Genome-wide association studies (GWAS) in humans have successfully identified a large number of genetic variants associated with complex traits and diseases. Intriguingly, these variants generally only explain a small proportion of the genotypic variance (Visscher 2008) which led to the question of what may explain the remaining, or hidden heritability (Dermitzakis and Clark 2009; Maniolo et al. 2009; Gibson 2010). Explanations that have been brought forward include rare variants (low-frequency alleles), genetic heterogeneity, epigenetics, genotype-by-environment interactions but also simply the contribution of many thousands of variants each having only a small effect on a complex trait. The assumption that a major part of the genetic variance is simply hidden below the stringent significance thresholds of GWAS is supported by recent findings of Yang et al. (2010) who used a genome-wide prediction and by this approach could explain a much larger proportion of the heritability for height. In addition, epistasis is considered another suspect for the hidden heritability, but detailed knowledge about the contribution of epistasis to the heritability of complex traits is missing.

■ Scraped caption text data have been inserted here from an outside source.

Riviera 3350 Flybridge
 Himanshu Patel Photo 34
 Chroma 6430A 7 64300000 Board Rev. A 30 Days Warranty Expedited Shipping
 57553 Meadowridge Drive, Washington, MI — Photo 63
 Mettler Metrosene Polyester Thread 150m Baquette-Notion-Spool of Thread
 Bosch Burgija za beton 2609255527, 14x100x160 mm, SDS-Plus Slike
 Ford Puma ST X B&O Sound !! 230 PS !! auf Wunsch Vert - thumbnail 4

Oil content is controlled by fatty acid biosynthesis in the plastid and by the complex assembly of triacylglycerol (TAG) molecules in the endoplasmic reticulum (ER) (Baud and Lepiniec 2010) (Fig. 1a). The TAG metabolism is biochemically characterized and many of the genes in this pathway have been identified. In addition, transcriptional control of the involved enzymes constitutes another important level of regulation. The precursor for de novo fatty acid biosynthesis is acetyl-CoA which is formed by the transphosphorylation of PEP to pyruvate catalyzed by the plastidial pyruvate kinase (PK) and the subsequent oxidative decarboxylation of pyruvate to acetyl-CoA and CO2 by the pyruvate dehydrogenase complex. The first committed step in this pathway is the formation of malonyl-CoA from acetyl-CoA and bicarbonate by the acetyl-CoA-carboxylase (ACC). This reaction requires biotin as a cofactor and though the organization of the plant ACC is a matter of debate, ACC from rapeseed plastids is likely to consist of four separate subunits. A homodimer of biotin carboxylase (BC) assembled with a homodimer of biotin carboxyl carrier protein (BCCP), which is loosely associated to a heterotetramer of α- and β-carboxyltransferase subunits (BCT) (Alban et al. 2000). Fatty acids are then synthesized by a series of condensation reactions of which the initial reaction is catalyzed by a 3-ketoacyl-ACP synthase of type III (KAS3). The only enzymatic reaction exclusively committed to TAG formation is the transfer of a third fatty acid to the vacant position of a diacylglycerol by diacylglycerol acetyltransferase (DGAT). WRINKLED1 encodes an AP2-transcription factor which was identified in A. thaliana as the mutant is specifically impaired in TAG accumulation in the seeds (Focks and Benning 1998; Cernac and Benning 2004).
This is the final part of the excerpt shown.